== What you are asked to do ==
Output only the lines from the line holding "NEXT Girls Multicoloured" through the close of the records, exactly as they appear, with all pictures omitted.

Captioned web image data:
┌────────
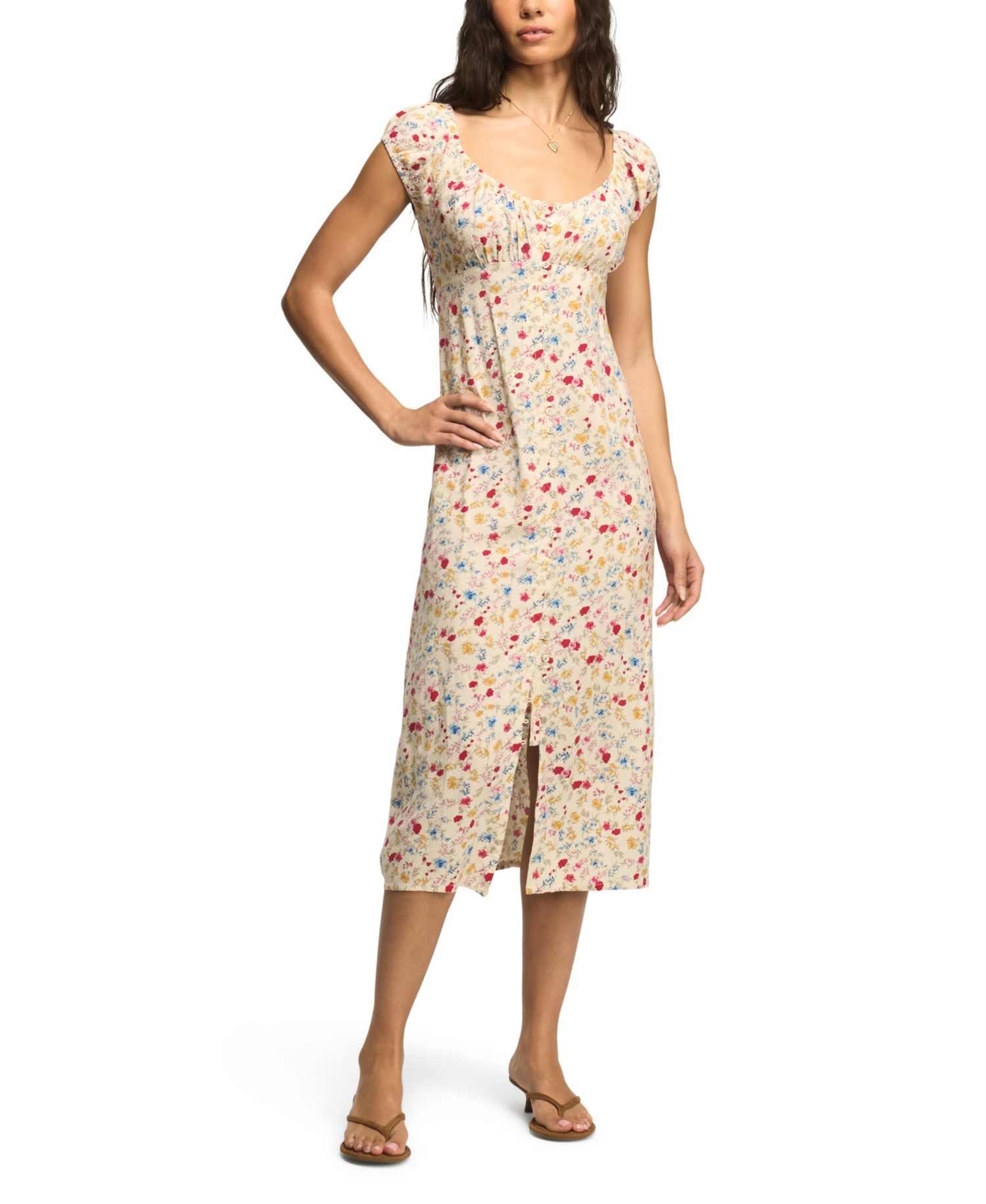 Women's Floral Sweetheart Neck Viscose Midi Dress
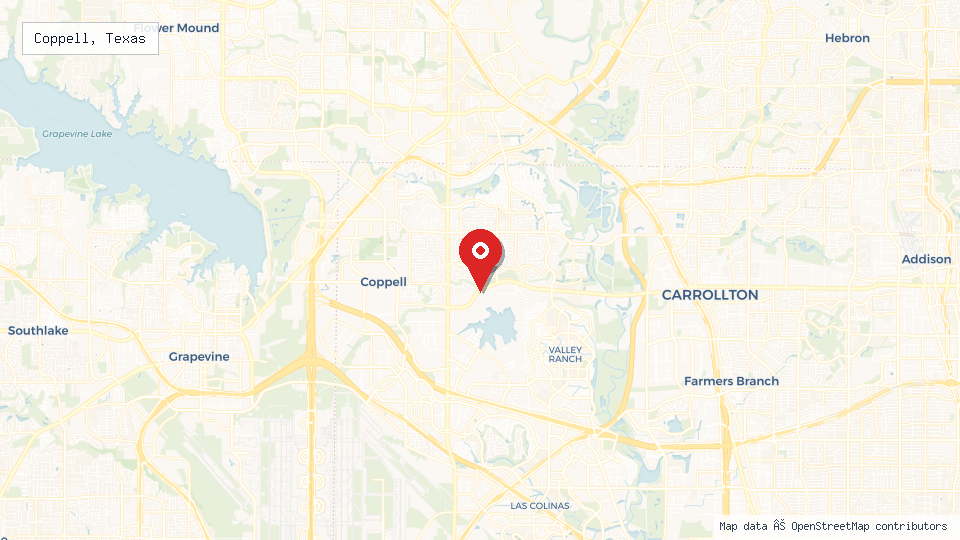 Street map of Coppell, Texas with location pin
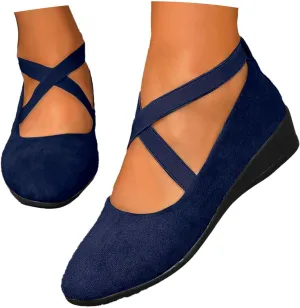 Womens' Fashion Pointed Toe Ballet Shoes Solid-Color Suede Elastic Band Casual Flats Shoes Comfortable Elegant Footwear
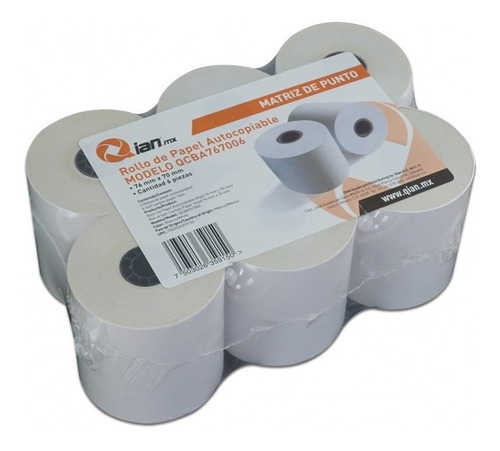 Rollo De Papel Autocopiable Qian Anjet 6 Pzas, 76 Mm X 70 Mm (qcba767006) Color Blanco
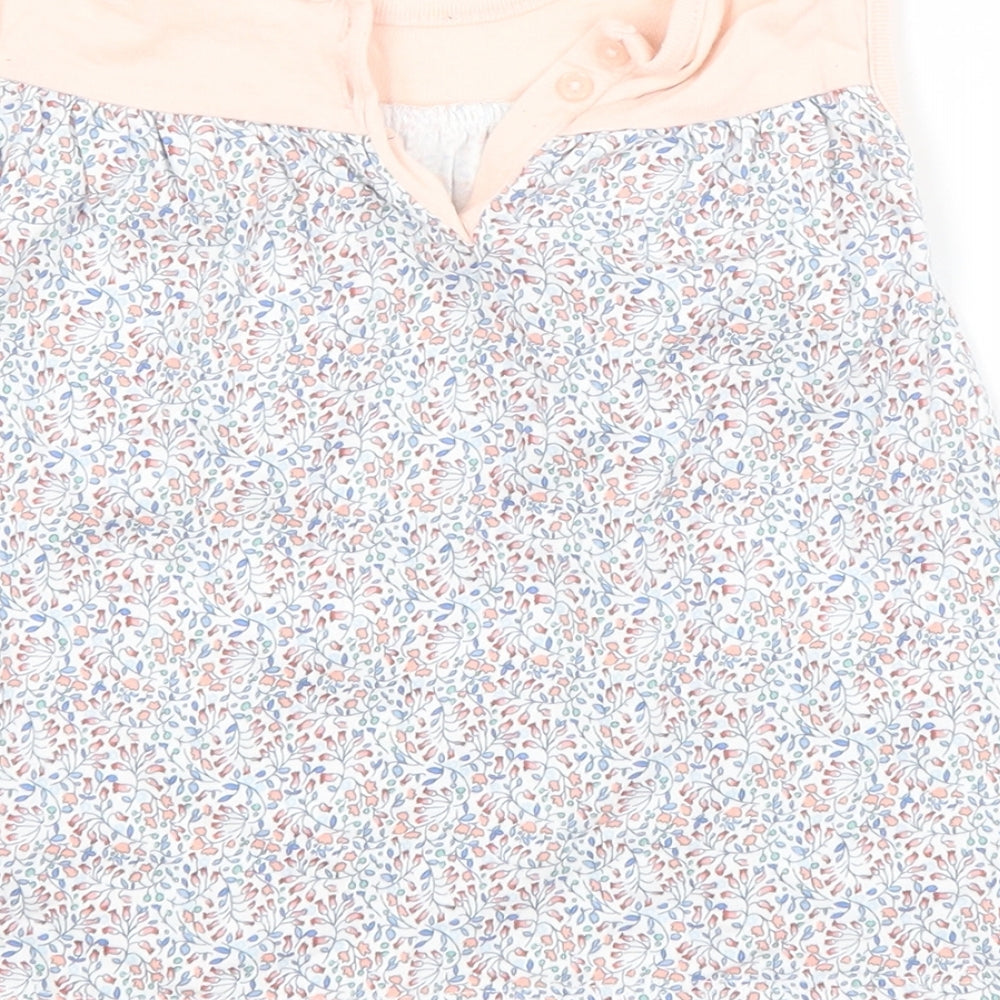 NEXT Girls Multicoloured Floral Cotton A-Line Size 0-3 Months Crew Neck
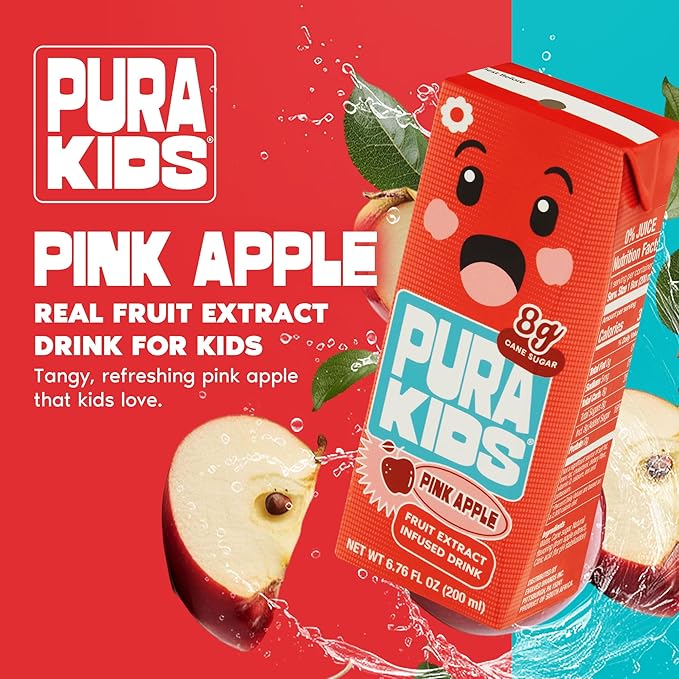 PURA Kids Box | Pink Apple Fruit extract infused Drink for kids | 8g Pure Cane Sugar | Non-GMO | Vegan, No Artificial Sweeteners | Best Lunchbox Beverage with Paper Straw | 6.76 fl oz (200ml), Pack of 24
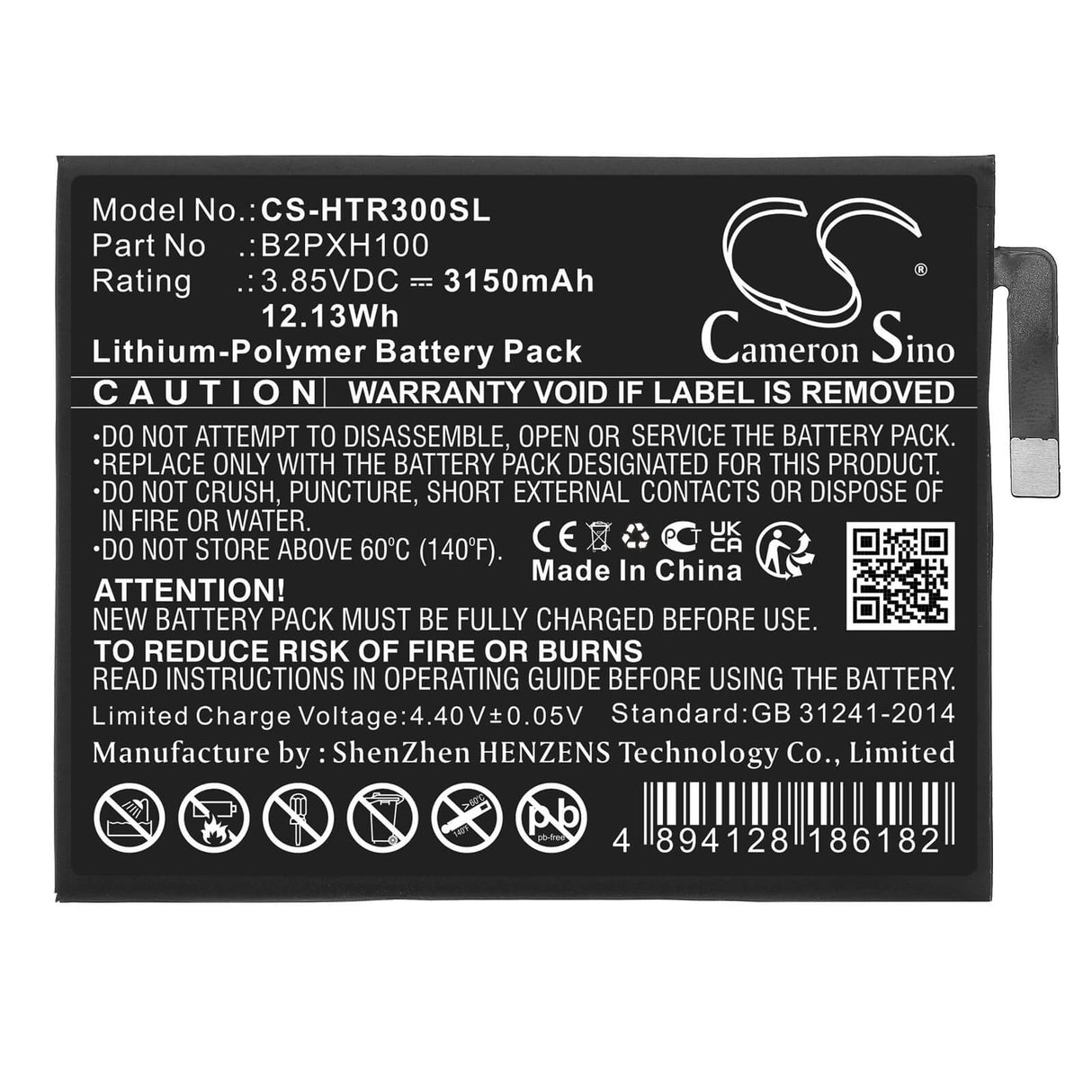 3,85v, Li-polymère, 3150mah, Batterie VR compatible avec Htc, Vive Focus, 12,13wh VR Cameron Sino Technology Limited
└────────
== Answer below ==
 NEXT Girls Multicoloured Floral Cotton A-Line Size 0-3 Months Crew Neck
 PURA Kids Box | Pink Apple Fruit extract infused Drink for kids | 8g Pure Cane Sugar | Non-GMO | Vegan, No Artificial Sweeteners | Best Lunchbox Beverage with Paper Straw | 6.76 fl oz (200ml), Pack of 24
 3,85v, Li-polymère, 3150mah, Batterie VR compatible avec Htc, Vive Focus, 12,13wh VR Cameron Sino Technology Limited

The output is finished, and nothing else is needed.